Issue 12027
registry-metadata-sync: duplicate datasets on BioCASE
12027
Reporter: kbraak
Assignee: fmendez
Type: Bug
Summary: registry-metadata-sync: duplicate datasets on BioCASE
Priority: Blocker
Resolution: WontFix
Status: Closed
Created: 2012-10-15 15:30:17.362
Updated: 2013-12-16 17:50:20.188
Resolved: 2012-10-18 10:23:47.24
Description: A BioCASE technical installation ( http://gbrds.gbif.org/browse/agent?uuid=603b2dd6-f762-11e1-a439-00145eb45e9a ) has 4 registered endpoints:
BIOCASE - http://dsibib.mnhn.fr/biocase/pywrapper.cgi?dsa=arachne
BIOCASE - http://dsibib.mnhn.fr/biocase/pywrapper.cgi?dsa=coleoptere
BIOCASE - http://dsibib.mnhn.fr/biocase/pywrapper.cgi?dsa=mycobase
BIOCASE - http://dsibib.mnhn.fr/biocase/pywrapper.cgi?dsa=reptamph
The result of metadata synchronization, is that each endpoint produces 4 different datasets. Plus there are others.

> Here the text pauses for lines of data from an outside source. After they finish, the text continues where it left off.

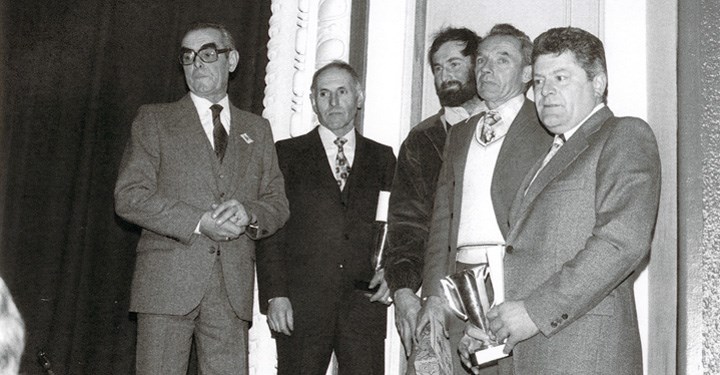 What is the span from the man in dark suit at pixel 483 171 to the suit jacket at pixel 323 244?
505 mm

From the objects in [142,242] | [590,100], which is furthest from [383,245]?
[590,100]

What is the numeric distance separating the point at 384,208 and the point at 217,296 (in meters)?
0.74

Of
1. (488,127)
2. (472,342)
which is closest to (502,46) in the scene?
(488,127)

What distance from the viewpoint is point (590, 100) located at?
2.69 m

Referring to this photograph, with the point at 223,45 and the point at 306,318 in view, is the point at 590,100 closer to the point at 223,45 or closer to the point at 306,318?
the point at 306,318

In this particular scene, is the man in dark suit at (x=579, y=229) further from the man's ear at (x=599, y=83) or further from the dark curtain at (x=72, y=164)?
the dark curtain at (x=72, y=164)

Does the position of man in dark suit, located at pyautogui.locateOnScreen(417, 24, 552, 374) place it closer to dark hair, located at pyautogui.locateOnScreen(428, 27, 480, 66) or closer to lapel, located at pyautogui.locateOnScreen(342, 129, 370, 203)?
dark hair, located at pyautogui.locateOnScreen(428, 27, 480, 66)

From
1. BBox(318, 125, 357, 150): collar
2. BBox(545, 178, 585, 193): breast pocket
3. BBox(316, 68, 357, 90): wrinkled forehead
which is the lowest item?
BBox(545, 178, 585, 193): breast pocket

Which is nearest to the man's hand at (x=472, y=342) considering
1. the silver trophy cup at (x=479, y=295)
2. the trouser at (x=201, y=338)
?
the silver trophy cup at (x=479, y=295)

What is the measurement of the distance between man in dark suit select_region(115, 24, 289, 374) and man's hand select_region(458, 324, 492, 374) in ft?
3.23

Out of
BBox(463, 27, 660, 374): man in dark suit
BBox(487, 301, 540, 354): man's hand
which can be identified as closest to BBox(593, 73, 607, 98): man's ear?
BBox(463, 27, 660, 374): man in dark suit

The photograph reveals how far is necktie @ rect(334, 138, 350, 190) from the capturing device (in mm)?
3734

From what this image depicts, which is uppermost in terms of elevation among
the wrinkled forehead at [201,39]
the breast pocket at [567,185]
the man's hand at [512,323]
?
the wrinkled forehead at [201,39]

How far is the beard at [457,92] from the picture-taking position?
3645 mm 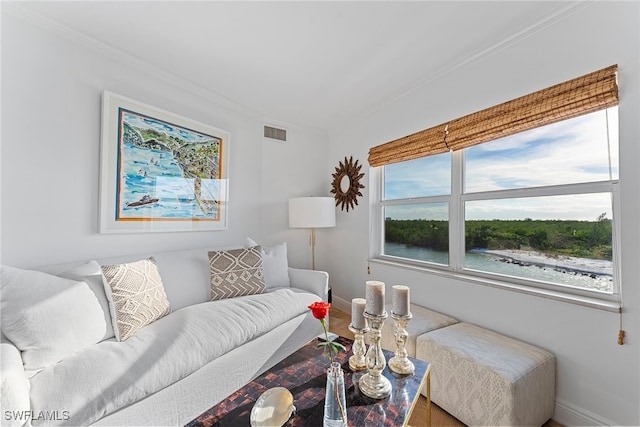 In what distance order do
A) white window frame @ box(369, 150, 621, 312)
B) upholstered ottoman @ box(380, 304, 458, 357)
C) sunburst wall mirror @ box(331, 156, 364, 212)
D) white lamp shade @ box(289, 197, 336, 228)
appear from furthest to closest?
sunburst wall mirror @ box(331, 156, 364, 212), white lamp shade @ box(289, 197, 336, 228), upholstered ottoman @ box(380, 304, 458, 357), white window frame @ box(369, 150, 621, 312)

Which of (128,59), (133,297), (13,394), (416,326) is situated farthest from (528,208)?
(128,59)

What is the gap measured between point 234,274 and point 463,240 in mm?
1951

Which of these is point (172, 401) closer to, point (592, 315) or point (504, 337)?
point (504, 337)

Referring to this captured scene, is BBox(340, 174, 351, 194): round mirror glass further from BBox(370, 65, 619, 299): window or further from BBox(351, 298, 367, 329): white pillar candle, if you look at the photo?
BBox(351, 298, 367, 329): white pillar candle

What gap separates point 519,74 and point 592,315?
1.54 meters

Here's the result:
4 x Arachnides datasets
4 x Coleopteres datasets
4 x Ensiferes datasets
4 x Marine invertebrates, mollusca and crustacea datasets
4 x MNHN Reptiles and Amphibians datasets
4 x Ressources fongiques datasets
Actually, the iventory (scan) from the endpoint is http://dsibib.mnhn.fr/biocase/pywrapper.cgi?dsa=arachne
Arachnides
Coleopteres
Ensiferes
MNHN Reptiles and Amphibians Collection Catalog
Marine invertebrates, mollusca and crustacea
Ressources fongiques
I suspect it is because all 4 endpoints expose all 6 dataset behind it, and each time one endpoint synchronizes, each dataset gets added/updated again.
Surely they all use the same dataset name (code) and we can update each dataset instead of creating a new one for each endpoint?

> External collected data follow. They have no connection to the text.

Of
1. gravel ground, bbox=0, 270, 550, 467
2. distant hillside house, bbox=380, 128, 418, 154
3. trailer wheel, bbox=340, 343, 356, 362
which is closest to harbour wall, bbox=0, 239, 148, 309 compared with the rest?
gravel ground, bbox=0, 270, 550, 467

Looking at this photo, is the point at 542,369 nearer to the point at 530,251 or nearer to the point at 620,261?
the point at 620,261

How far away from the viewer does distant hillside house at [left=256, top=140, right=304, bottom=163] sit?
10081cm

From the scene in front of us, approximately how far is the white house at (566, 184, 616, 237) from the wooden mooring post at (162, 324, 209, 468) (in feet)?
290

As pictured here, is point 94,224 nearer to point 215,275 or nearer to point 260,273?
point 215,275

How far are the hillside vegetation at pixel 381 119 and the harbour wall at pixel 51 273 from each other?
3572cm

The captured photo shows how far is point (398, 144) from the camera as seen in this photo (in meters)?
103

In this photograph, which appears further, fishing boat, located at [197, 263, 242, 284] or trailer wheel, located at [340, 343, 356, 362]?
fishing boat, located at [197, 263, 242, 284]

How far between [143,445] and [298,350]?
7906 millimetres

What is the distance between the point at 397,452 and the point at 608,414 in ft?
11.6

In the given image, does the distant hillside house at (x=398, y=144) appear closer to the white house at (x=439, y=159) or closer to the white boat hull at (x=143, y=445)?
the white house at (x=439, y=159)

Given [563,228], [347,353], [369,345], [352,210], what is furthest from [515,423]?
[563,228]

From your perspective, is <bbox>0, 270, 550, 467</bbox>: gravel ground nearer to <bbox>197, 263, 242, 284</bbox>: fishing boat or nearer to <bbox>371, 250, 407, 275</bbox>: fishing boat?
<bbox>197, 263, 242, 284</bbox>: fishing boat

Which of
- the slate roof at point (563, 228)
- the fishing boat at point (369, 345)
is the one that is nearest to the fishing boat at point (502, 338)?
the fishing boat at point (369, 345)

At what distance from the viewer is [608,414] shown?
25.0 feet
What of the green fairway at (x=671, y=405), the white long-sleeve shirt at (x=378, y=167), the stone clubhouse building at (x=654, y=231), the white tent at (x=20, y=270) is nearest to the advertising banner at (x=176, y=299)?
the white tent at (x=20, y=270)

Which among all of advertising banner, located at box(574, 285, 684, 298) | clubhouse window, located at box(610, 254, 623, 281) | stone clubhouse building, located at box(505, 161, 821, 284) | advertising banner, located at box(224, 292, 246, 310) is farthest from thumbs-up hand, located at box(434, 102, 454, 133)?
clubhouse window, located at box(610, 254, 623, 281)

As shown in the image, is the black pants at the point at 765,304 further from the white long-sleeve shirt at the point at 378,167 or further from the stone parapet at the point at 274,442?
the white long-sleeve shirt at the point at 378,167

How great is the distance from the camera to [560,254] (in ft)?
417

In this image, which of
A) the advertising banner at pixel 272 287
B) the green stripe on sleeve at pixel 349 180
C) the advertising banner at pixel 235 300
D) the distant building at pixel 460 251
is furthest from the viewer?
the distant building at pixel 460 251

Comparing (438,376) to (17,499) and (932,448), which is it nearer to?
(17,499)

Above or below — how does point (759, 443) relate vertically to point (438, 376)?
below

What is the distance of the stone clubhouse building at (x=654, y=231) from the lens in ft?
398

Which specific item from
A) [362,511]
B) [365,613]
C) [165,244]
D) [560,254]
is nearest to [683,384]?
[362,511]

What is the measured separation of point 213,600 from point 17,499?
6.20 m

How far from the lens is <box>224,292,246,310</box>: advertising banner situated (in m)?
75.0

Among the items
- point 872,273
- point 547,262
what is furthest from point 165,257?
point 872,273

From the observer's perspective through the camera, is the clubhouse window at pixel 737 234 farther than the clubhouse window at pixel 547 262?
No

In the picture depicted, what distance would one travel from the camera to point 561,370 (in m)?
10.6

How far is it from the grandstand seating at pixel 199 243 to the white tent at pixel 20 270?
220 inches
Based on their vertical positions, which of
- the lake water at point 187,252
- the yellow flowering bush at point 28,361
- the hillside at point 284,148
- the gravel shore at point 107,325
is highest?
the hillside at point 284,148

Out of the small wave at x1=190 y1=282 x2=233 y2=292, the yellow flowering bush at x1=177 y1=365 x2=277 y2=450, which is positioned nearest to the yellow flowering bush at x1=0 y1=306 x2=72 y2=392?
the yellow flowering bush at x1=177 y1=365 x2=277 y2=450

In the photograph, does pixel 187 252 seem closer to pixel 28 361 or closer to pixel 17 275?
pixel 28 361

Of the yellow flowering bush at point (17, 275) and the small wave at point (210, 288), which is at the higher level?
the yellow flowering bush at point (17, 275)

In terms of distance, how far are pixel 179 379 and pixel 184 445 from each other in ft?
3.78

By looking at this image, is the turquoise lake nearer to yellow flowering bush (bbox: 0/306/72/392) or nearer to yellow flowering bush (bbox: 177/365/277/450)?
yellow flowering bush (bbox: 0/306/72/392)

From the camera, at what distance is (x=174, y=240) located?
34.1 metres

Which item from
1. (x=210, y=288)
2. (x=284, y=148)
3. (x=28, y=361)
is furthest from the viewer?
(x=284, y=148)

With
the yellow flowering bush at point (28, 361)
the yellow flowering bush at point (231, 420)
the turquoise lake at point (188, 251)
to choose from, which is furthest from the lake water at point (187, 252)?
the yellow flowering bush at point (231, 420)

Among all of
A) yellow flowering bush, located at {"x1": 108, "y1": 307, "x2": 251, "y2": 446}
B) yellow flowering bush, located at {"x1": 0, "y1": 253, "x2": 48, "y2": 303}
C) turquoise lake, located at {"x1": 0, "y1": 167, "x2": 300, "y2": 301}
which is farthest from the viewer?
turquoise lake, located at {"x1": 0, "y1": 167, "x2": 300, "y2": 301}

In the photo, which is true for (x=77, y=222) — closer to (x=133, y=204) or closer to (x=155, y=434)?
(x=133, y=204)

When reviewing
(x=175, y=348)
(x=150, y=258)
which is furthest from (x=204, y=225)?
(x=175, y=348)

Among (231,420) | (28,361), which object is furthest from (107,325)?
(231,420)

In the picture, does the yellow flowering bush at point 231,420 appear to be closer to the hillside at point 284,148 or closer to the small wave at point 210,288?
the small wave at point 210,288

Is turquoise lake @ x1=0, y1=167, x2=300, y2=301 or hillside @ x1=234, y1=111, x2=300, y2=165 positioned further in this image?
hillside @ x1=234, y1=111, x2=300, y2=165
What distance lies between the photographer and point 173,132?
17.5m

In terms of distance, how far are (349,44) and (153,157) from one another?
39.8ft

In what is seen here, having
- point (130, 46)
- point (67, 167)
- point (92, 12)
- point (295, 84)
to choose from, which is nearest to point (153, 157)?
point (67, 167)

I attach a copy of the logs from the synchronization on the technical installation for our reference.
Thanks
]]>
Attachment Screen Shot 2012-10-15 at 3.29.37 PM.png
Attachment agent-603b2dd6-f762-11e1-a439-00145eb45e9a.log
Author: fmendez@gbif.org
Comment: the metadata-sync process each endpoint separately , that means each endpoint contains each own set of dataset...i understand that in this case we have several endpoints serving the same six datasets?...that case is not handled by the synchronizer at all...and I don't know if we should manage that situation; for the metadata-sync those are different datasets with the same name behind different endpoints
Created: 2012-10-17 12:22:40.12
Updated: 2012-10-17 12:22:40.12
Author: fmendez@gbif.org
Comment: The real issue here is that we are harvesting 3 endpoints that serve the same 6 datasets, for the metadata-synchronizer is not possible to know if those datasets are the same or not, the synchronizer assumes that each endpoint serves its own datasets.
Created: 2012-10-18 10:23:47.264
Updated: 2012-10-18 10:23:47.264